I think she’d be able to a mortgage on the part she owns... that’s basically what my XH did when I moved - I came off the mortgage but remained on the deeds. What the mortgage company insisted on was first charge on the property - so basically they were the priority creditor. That’s standard.

Can you talk to a solicitor - or maybe AgeUK can help - about the implications if he needs care?

My FIL was in a care home but the coubcil couldn’t force a sale on the house whilst my MIL lived there. I don’t know how that would work if it’s not a home he was resident in, and not a spouse.

Ellisandra · 05/08/2020 18:33

@redastherose there was always the possibility of the goalposts changing (care home fees?) because FIL chose to buy into the property and not gift it. It might not have been an outright plan, but it’s not that unlikely that his circumstances might change in some way.

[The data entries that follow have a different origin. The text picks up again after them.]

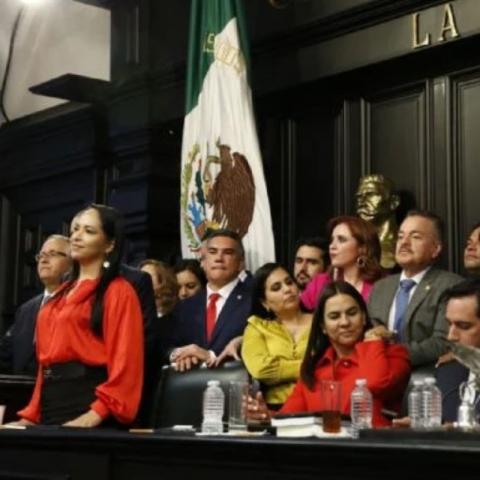  la senadora panista Lilly Téllez llamó “Bellaco” y “Fernández Llorona.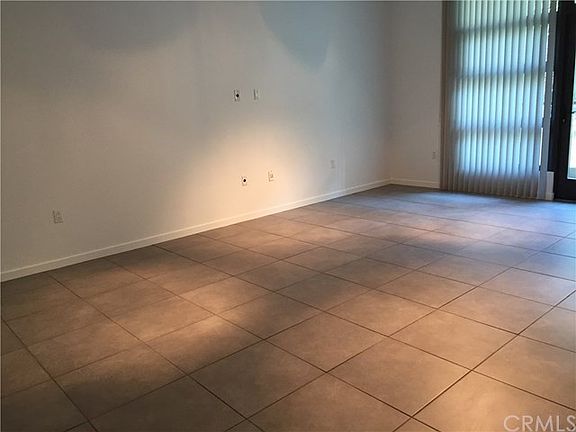 5th image of 133 The Promenade N Unit 435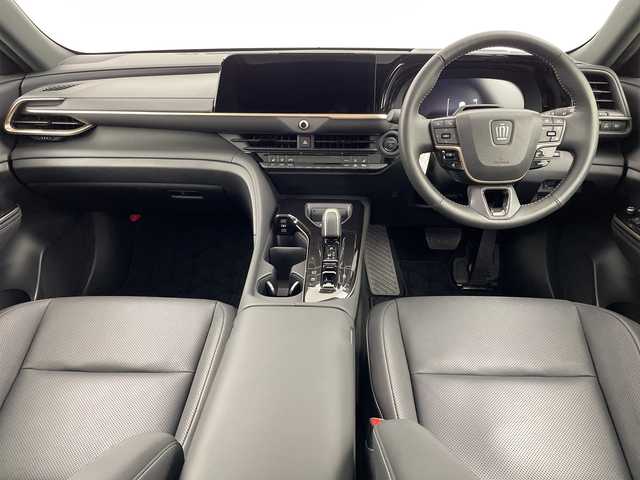 トヨタ クラウン スポーツ Z 鹿児島県 2024(令6)年 2.2万km 黒 ・メーカーナビ/BT/USB/フルセグ/miracast/・パノラミックビューモニター/・ビルトインETC2.0/・デジタルインナーミラー/・ワイヤレス充電/・AC100V/1500W/・トヨタセーフティセンス/・レーダークルーズコントロール/・オートハイビーム/・クリアランスソナー/・プリクラッシュセーフティ/・レーンディパーチャーアラート/・ブラインドスポットモニター/・ヘッドアップディスプレイ/・プロアクティブドライビングアシスト/・リアクロストラフィックアラート/・パーキングブレーキサポート/・安全降車アシスト/・レザーシート/・前席シートヒーター/・前席シートベンチレーション/・LEDヘッドライト/・フォグライト/・オートライト/・プッシュスタート/・スマートキー/・フロアマット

I’m not sure there’s a place for bitterness - just think how much interest you’ve saved, not having a mortgage for the other half of the house. You said this happened a long time ago, so that’s a lot of interest.

Daphnetheferret · 05/08/2020 18:57

We aren't actually bitter about this, and any bitterness there might be is reserved for SiL's partner (and there is quite a lot of back story there) not SiL or FiL. We were trying to think of ways to help her before this.

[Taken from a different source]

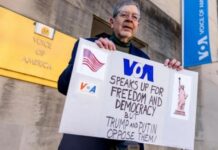Китайские гос-СМИ приветствуют закрытие Трампом «Голоса Америки»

The care home fees issue actually is a good reason for us to get this sorted and get FiL's name off our property now. My research suggests that the value of his share in our home could be considered in means testing for his care. There is no suggestion that he will need care but that is a problem that none of us had really thought about until now.

I am a bit worried though that if we transfer a large chunk of cash to him, and he then uses that to buy a house jointly with SiL care home fees will still be an issue, especially as he is now older.

Further he will have paid CGT on the proceeds of the sale and I guess there could be IHT implications too depending upon how long he lives.